Clean Numerical Simulation (Taylor Series Method)

m4r35n357 · August 4, 2018, 2:49pm

Hi all, very new to Julia, and not in academia BTW. I have been investigating the opinions and findings in this paper, and I thought I would contribute some Julia code which performs the aforementioned simulation to potentially ludicrous levels of accuracy, in fewer than 60 lines:

#!/usr/bin/env julia

using Printf

function main()
    setprecision(trunc(Int, parse(Int, ARGS[1]) * log(10.0) / log(2.0)))
    order = parse(Int, ARGS[2])
    h = parse(BigFloat, ARGS[3])
    steps = parse(Int, ARGS[4])
    x = parse(BigFloat, ARGS[5])
    y = parse(BigFloat, ARGS[6])
    z = parse(BigFloat, ARGS[7])
    σ = parse(BigFloat, ARGS[8])
    ρ = parse(BigFloat, ARGS[9])
    β = parse(BigFloat, ARGS[10]) / parse(BigFloat, ARGS[11])
    D0 = parse(BigFloat, "0.0")
    cx = [D0 for _ = 1 : order + 1]
    cy = [D0 for _ = 1 : order + 1]
    cz = [D0 for _ = 1 : order + 1]
    wx = [D0 for _ = 1 : order]
    wy = [D0 for _ = 1 : order]
    wz = [D0 for _ = 1 : order]
    for step = 1 : steps
        @printf "%0.9e %0.9e %0.9e %0.5e\n" x y z (step - 1) * h
        cx[1] = x
        cy[1] = y
        cz[1] = z
        for k = 1 : order
            wx[k] = cx[k]
            wy[k] = cy[k]
            wz[k] = cz[k]
            cx[k+1] = σ * (wy[k] - wx[k]) / k
            wxz = D0
            for j = 1 : k
                wxz += wx[j] * wz[k-j+1]
            end
            cy[k+1] = (ρ * wx[k] - wxz - wy[k]) / k
            wxy = D0
            for j = 1 : k
                wxy += wx[j] * wy[k-j+1]
            end
            cz[k+1] = (wxy - β * wz[k]) / k
        end
        x = cx[order+1]
        y = cy[order+1]
        z = cz[order+1]
        for i = order : -1 : 1
            x = x * h + cx[i]
            y = y * h + cy[i]
            z = z * h + cz[i]
        end
    end
end

main()

Can anyone suggest any speedups?

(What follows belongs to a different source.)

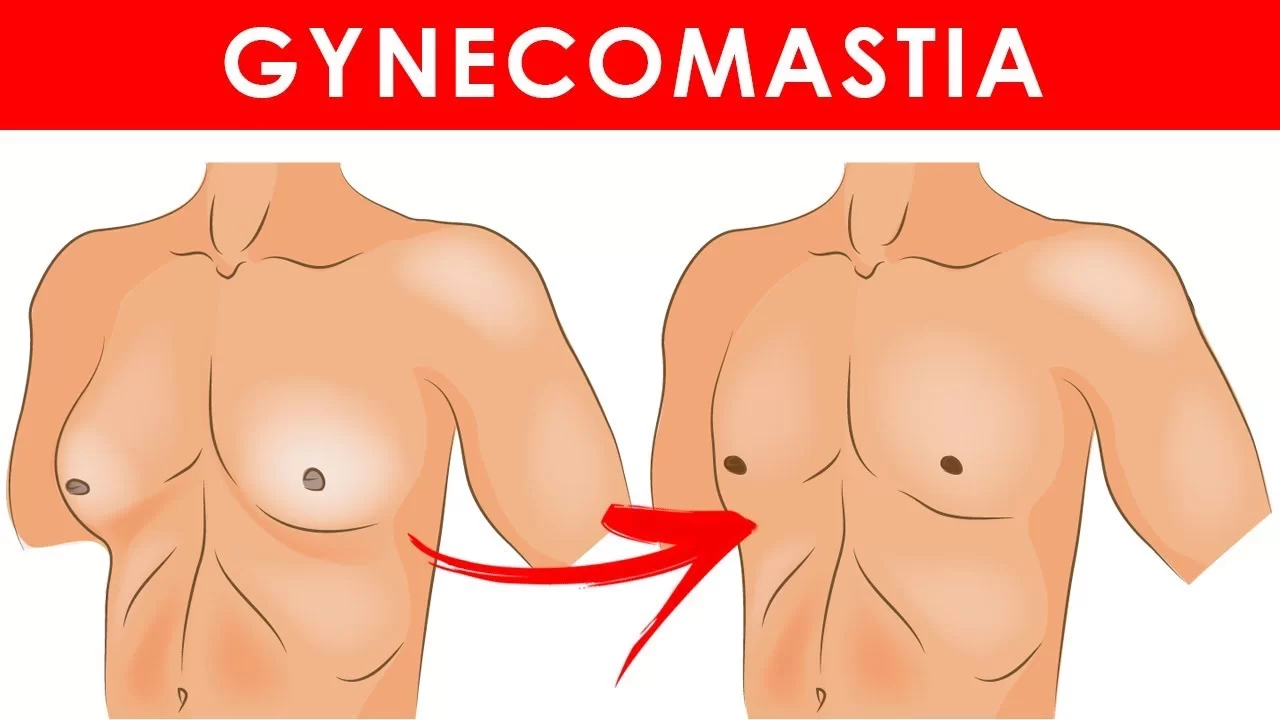 هل يمكن علاج تضخم الثدي عند الرجال طبيعياً؟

Would this be any use as a benchmark? BTW here is an invocation:

time -p ./tsm-lorenz.jl 160 100 .01 30001 -15.8 -17.48 35.64 10 28 8 3 >/tmp/data-Julia

[code edited to eliminate four useless lines!]

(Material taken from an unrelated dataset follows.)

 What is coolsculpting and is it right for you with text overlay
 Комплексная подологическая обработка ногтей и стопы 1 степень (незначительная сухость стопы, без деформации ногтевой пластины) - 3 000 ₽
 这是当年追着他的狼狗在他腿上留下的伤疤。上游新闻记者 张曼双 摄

dpsanders · August 6, 2018, 6:10pm

This is very nice, compact code.
In https://github.com/JuliaDiff/TaylorSeries.jl and especially GitHub - PerezHz/TaylorIntegration.jl: ODE integration using Taylor's method, and more, in Julia, this has been generalised to use the Taylor method to solve “arbitrary” ODEs.

m4r35n357 · August 6, 2018, 8:02pm

Thank you, very kind! It is amazing to me how little code this method requires, I suppose because the integrator and the model are so tightly, er, integrated

I have been looking into the packages you mentioned to an extent, but had problems getting everything installed under the 0.7s . . . anyway I was already getting involved in the inner workings of the method so I just kept going with my own stuff. I now have a reasonably useful set of functions at my disposal that I implemented myself.

I mentioned benchmarking, since my code has no dependencies apart from Printf, and does not use accelerated maths hardware. I have observed that this code runs in around 150% of the time for an equivalent c implementation, so if I can use any trickery to close the gap, that would be interesting!

Incidentally, under the same code conditions, Python 3 (using Decimal) is 3 to 4 times slower than Julia.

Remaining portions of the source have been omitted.